--- Data extracts Enclosed Below ---
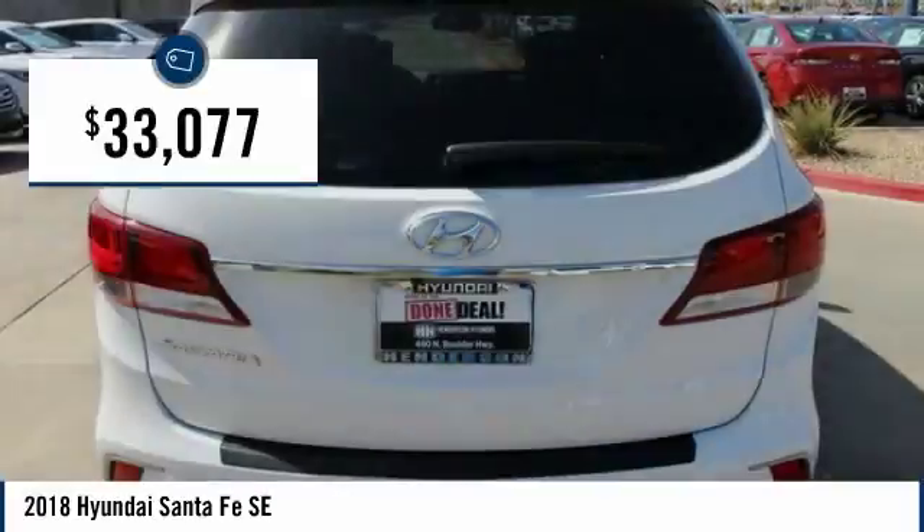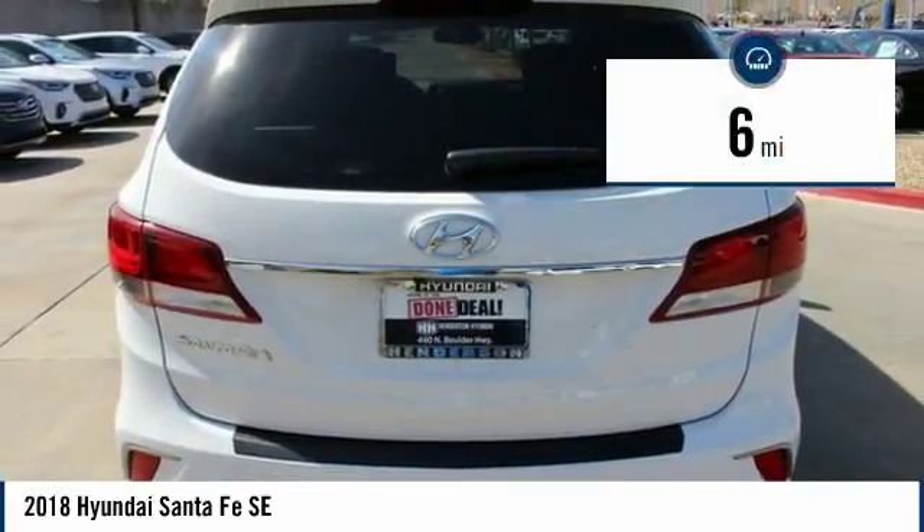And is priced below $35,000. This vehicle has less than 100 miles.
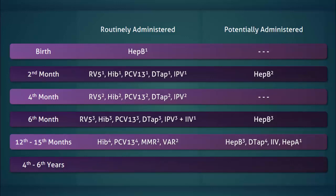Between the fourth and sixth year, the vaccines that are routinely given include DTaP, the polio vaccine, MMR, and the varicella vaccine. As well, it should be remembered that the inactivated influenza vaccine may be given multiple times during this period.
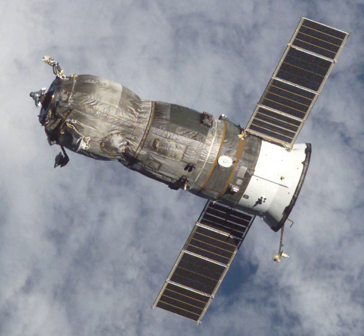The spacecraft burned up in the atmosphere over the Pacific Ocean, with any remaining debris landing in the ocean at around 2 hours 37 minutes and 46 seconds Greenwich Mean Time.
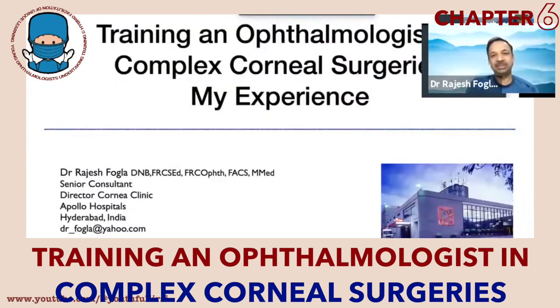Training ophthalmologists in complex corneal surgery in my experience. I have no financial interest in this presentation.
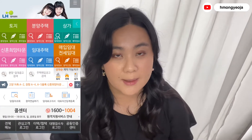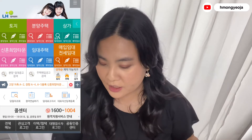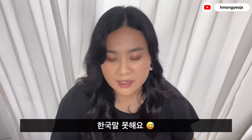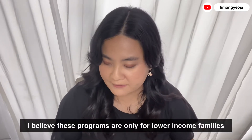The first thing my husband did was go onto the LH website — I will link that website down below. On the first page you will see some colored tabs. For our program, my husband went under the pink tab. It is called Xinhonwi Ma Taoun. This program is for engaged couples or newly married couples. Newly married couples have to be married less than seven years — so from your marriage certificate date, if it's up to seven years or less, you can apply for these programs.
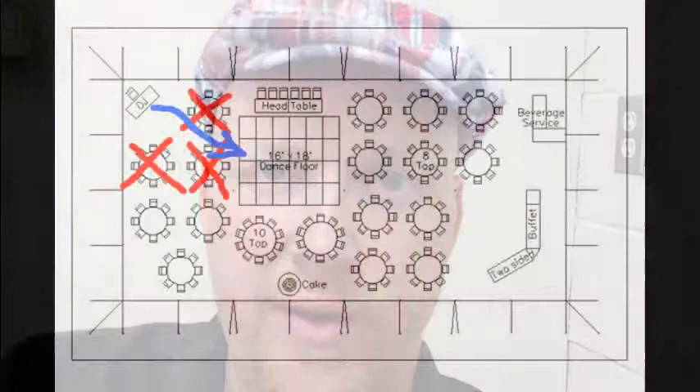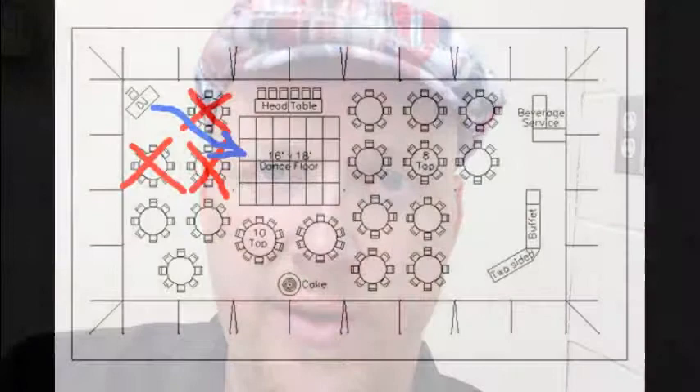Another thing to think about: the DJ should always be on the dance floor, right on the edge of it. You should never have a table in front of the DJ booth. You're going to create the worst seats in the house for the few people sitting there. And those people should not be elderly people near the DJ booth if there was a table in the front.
--- End of Enclosed Data extracts ---
→ **What the exercise asks**: Please copy the lines above exactly, starting at the line that holds "Training ophthalmologists in" and ending at the line that holds "The first thing"; include both, but no pictures.

→ **Solution for this problem**:
Training ophthalmologists in complex corneal surgery in my experience. I have no financial interest in this presentation.
The first thing my husband did was go onto the LH website — I will link that website down below. On the first page you will see some colored tabs. For our program, my husband went under the pink tab. It is called Xinhonwi Ma Taoun. This program is for engaged couples or newly married couples. Newly married couples have to be married less than seven years — so from your marriage certificate date, if it's up to seven years or less, you can apply for these programs.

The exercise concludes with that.